Due Sunday, April 19, 2015 @ 11:59pm
In contrast to previous projects, Project 3 can only be done on the hive machines. We require software packages, hardware extensions and large data sets that are not available on other machines. If you haven't done so yet, you should set up an SSH client (such as PuTTY) if you would like to work remotely.
- Monday, April 13, 3:07am: Added -O3 compiler flag and adjusted the assignment and grading rubric to account for the substantially higher performance.
- Monday, April 13, 7:38pm: Small clarification that you should report the total time spent in each layer for Step 2.1 (i.e., not just the time of a single execution of the layer).
- Monday, April 13, 7:38pm: Some further clarifications regarding Step 2.1.
In this project, you will apply some of the performance optimization techniques that you have learned in class to the real-world problem of classifying images using a Convolutional Neural Network (CNN).
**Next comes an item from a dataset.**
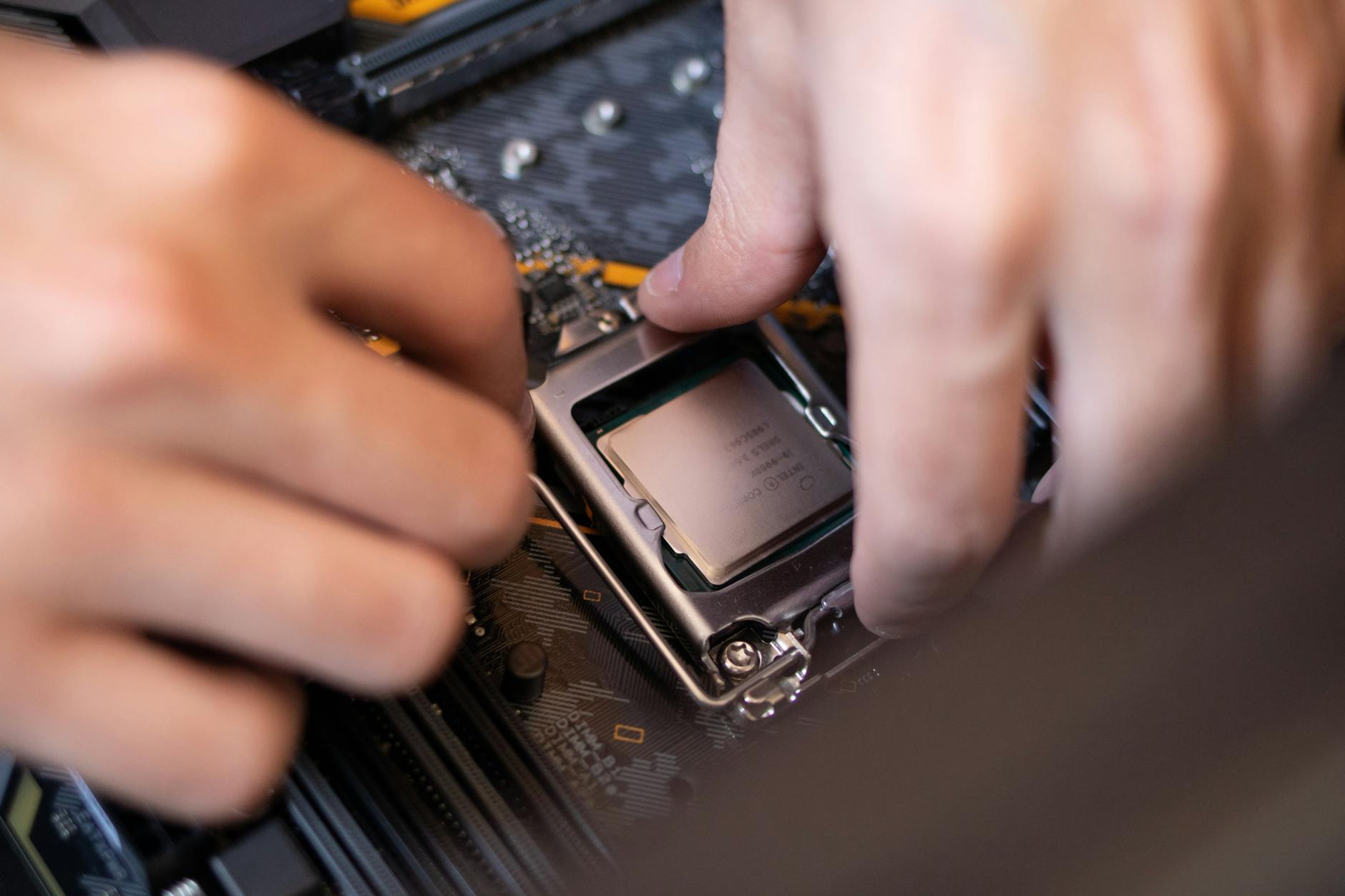 Detailed view of hands installing a CPU onto a motherboard inside a computer setup.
The task is simple: You will be given a large number of 32x32 images and have to find out whether or not each of them contains a cat.
How does a Computer tell a Cat from a Chair?
Image classification describes a problem where a computer is given an image and has to tell what it represents (usually from a set of possible categories). Image classification has long been considered a difficult challenge, and a lot of work has been done over the years to improve its accuracy (i.e., what fraction of pictures gets classified correctly).
Lately, Convolutional Neural Networks (CNNs) have emerged as a promising solution to this problem. In contrast to classical algorithms, which explicitly encode some insight about the real world into a function, CNNs instead learn a function by being presented with a large number of examples and adjusting themselves based on these examples -- this is called training. Once the CNN has learned the function (or to be more precise, an approximation of it), it can repeatedly apply it to inputs it has not seen before.
In this project, we give you a pre-trained CNN that can classify 32x32 images into 10 categories (such as dog, cat, car or plane). Using this CNN, we develop an application that takes a large set (i.e., 1000's) of images as input and finds those that contain cats. Unfortunately, our initial implementation is very slow -- your job is to make it faster!
How do Convolutional Neural Networks Work?
For this project, we do not require you to understand how CNNs work in detail. However, we want to give you enough information to get a sense of the high-level concepts. If you would like to learn more, we encourage you to take one of the Machine Learning or Computer Vision classes in the department, or check out this brief online-course.
At a high level, a CNN consists of multiple layers. Each layer takes a multi-dimensional array of numbers as input and produces another multi-dimensional array of numbers as output (which then becomes the input of the next layer). When classifying images, the input to the first layer is the input image (i.e., 32x32x3 numbers for 32x32 pixel images with 3 color channels), while the output of the final layer is a set of likelihoods of the different categories (i.e., 1x1x10 numbers if there are 10 categories).
High-level Overview of the CNN we use for this project (data dimensions not to scale).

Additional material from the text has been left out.